Making pie crust from scratch isn’t as difficult as it seems.  And who doesn’t love pie?  Here are 2 recipes for making your own pie crust.  Oh my!  Now I’m getting hungry.

Basic Pie Crust

My basic pie crust recipe comes from my old Betty Crocker cookbook.


Pie Crust 9" from Betty Crocker Cookbook 1972 version

basic pie crust recipe comes from Betty Crocker. The method is ours.
Prep Time 10 minutes
Servings 8


  • 1 cup flour all-purpose
  • 1/2 teaspoon salt
  • 1/3 cup Crisco shortening
  • 2-3 Tablespoons hot water


  • Combine flour, salt, and shortening. Cut in shortening thoroughly with a fork or pastry blender.
  • Add the 3 tablespoons of HOT water.
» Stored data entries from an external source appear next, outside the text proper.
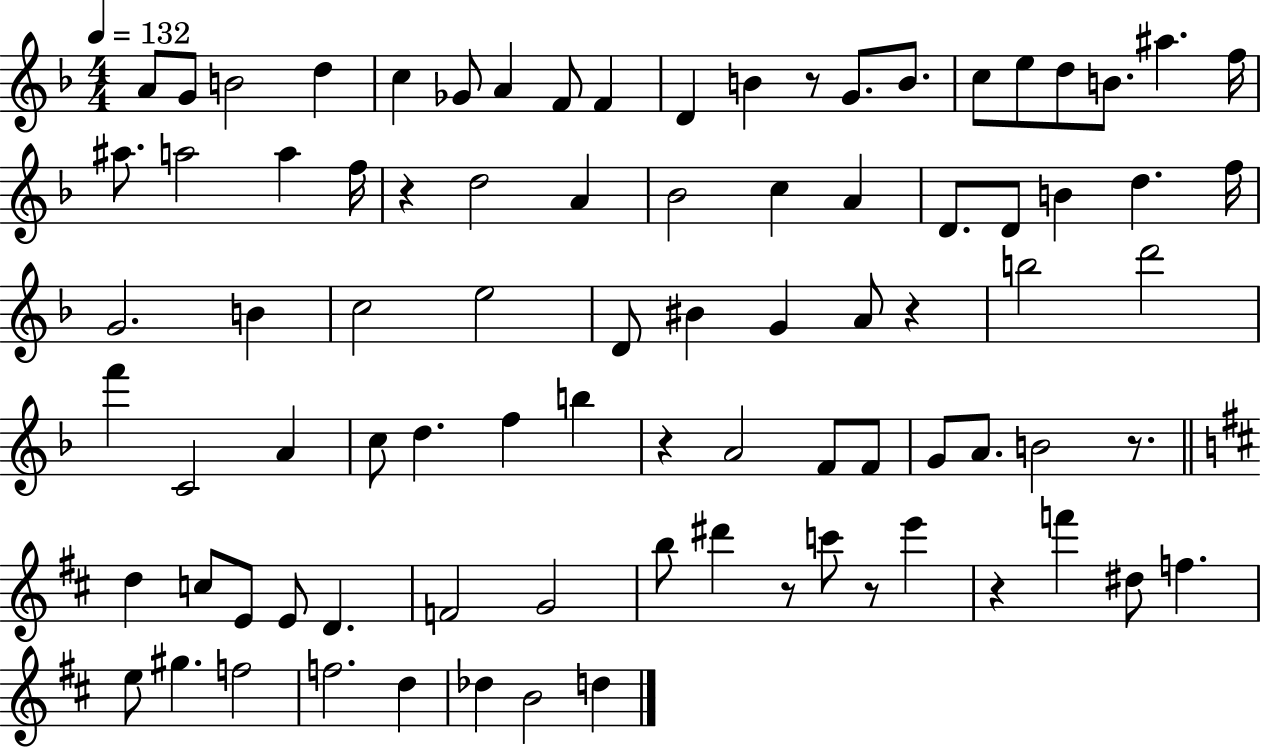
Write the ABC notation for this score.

X:1
T:Untitled
M:4/4
L:1/4
K:F
A/2 G/2 B2 d c _G/2 A F/2 F D B z/2 G/2 B/2 c/2 e/2 d/2 B/2 ^a f/4 ^a/2 a2 a f/4 z d2 A _B2 c A D/2 D/2 B d f/4 G2 B c2 e2 D/2 ^B G A/2 z b2 d'2 f' C2 A c/2 d f b z A2 F/2 F/2 G/2 A/2 B2 z/2 d c/2 E/2 E/2 D F2 G2 b/2 ^d' z/2 c'/2 z/2 e' z f' ^d/2 f e/2 ^g f2 f2 d _d B2 d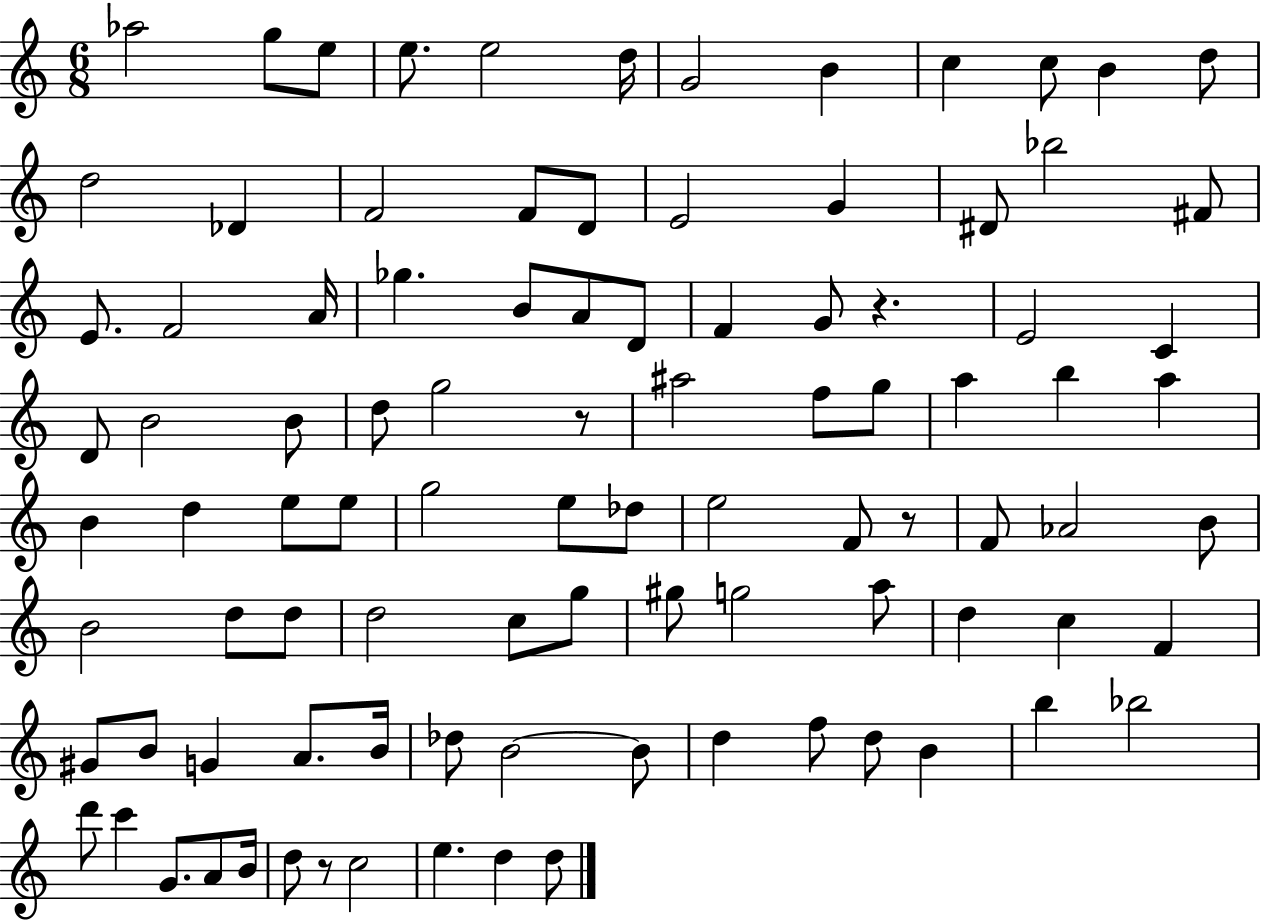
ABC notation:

X:1
T:Untitled
M:6/8
L:1/4
K:C
_a2 g/2 e/2 e/2 e2 d/4 G2 B c c/2 B d/2 d2 _D F2 F/2 D/2 E2 G ^D/2 _b2 ^F/2 E/2 F2 A/4 _g B/2 A/2 D/2 F G/2 z E2 C D/2 B2 B/2 d/2 g2 z/2 ^a2 f/2 g/2 a b a B d e/2 e/2 g2 e/2 _d/2 e2 F/2 z/2 F/2 _A2 B/2 B2 d/2 d/2 d2 c/2 g/2 ^g/2 g2 a/2 d c F ^G/2 B/2 G A/2 B/4 _d/2 B2 B/2 d f/2 d/2 B b _b2 d'/2 c' G/2 A/2 B/4 d/2 z/2 c2 e d d/2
Stir until it becomes a dough and leaves the sides of the bowl. Another tablespoon of water might be needed.
  • Roll the dough into a ball.
  • Place ball of dough on a floured surface. Using a rolling pin, roll dough to desired size. To make a round crust, roll first one direction and then another. Be sure the crust doesn't stick to the counter during rolling.
  • Fold the finished crust in half and fit in pie pan.

The recipe comes from Betty Crocker but the method comes from Cameron’s mom and it is a little unique.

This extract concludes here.